Mais on ne sait pas encore pour quel portefeuille on se décidera.

Madame Thiers penche pour l’intérieur, à cause des loges gratuites aux théâtres, M. Dosne veut que son gendre prenne les finances; madame Dosne ne veut pas qu’il fasse de concessions et exige qu’il rentre aux affaires étrangères pour contraindre les ambassadeurs à venir dans son salon. M. Thiers, indécis, prend l’avis de MM. Roger, Mathieu de la Redorte, Chambolle, Anguis et autres lumières de la Chambre.

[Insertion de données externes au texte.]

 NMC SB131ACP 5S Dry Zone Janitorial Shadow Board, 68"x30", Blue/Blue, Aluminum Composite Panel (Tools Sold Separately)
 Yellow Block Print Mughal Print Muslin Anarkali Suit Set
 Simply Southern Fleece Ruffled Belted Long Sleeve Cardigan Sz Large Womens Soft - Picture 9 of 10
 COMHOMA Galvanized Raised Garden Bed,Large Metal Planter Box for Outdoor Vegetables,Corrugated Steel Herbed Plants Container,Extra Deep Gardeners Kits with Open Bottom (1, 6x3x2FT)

Pendant ce temps, M. Thiers règne sur les journaux qu’il subventionne de promesses; il est dictateur au Courrier Français, par M Léon Faucher, qu’il doit faire conseiller d’État; au Messager, par M. Waleski, qui sera dans les ambassades; au Siècle, par M. Chambolle, qui sera inspecteur de l’Université; au Nouvelliste, par M. Léon Pillet, qui rentrera au Conseil d’État; au National, par M. Taschereau, qui sera secrétaire général du département de la Seine, en place de M. de Jussieu; aux journaux légitimistes, par M. Berryer, auquel il donne sa voix pour l’Académie, et qui, outre sa faveur dans ses feuilles, l’introduit dans quelques maisons du faubourg Saint-Germain; au Constitutionnel, par M. Véron, dont on assurera l’élection comme député, et par M. Étienne, qui vient d’être nommé pair de France par l’influence de M. Thiers.

En effet, c’est une chose remarquable de voir les ministres du 12 mai obéir, à leur insu, aux sympathies et aux alliances de M. Thiers.

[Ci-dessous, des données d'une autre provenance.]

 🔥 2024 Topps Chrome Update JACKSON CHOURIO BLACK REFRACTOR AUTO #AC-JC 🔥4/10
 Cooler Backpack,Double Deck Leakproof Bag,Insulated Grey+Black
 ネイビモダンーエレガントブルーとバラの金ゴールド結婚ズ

A peine rend-on un service à M. Thiers que cela porte immédiatement bonheur. M. Cavé s’oppose à la représentation de la pièce de madame de Girardin; quelques jours après il est appelé à des fonctions plus importantes. Le Constitutionnel, dont un propriétaire influent était fort mal pour M. Cavé, ne trouve rien à redire à sa nomination.

Les ministres du 12 mai ne font rien, ne donnent pas une signature qui ne concoure à quelque dessein secret de M. Thiers, qui, en imposant au roi la nécessité de régner et de ne pas gouverner, s’est fait une position contraire et infiniment plus agréable: il gouverne et ne règne pas.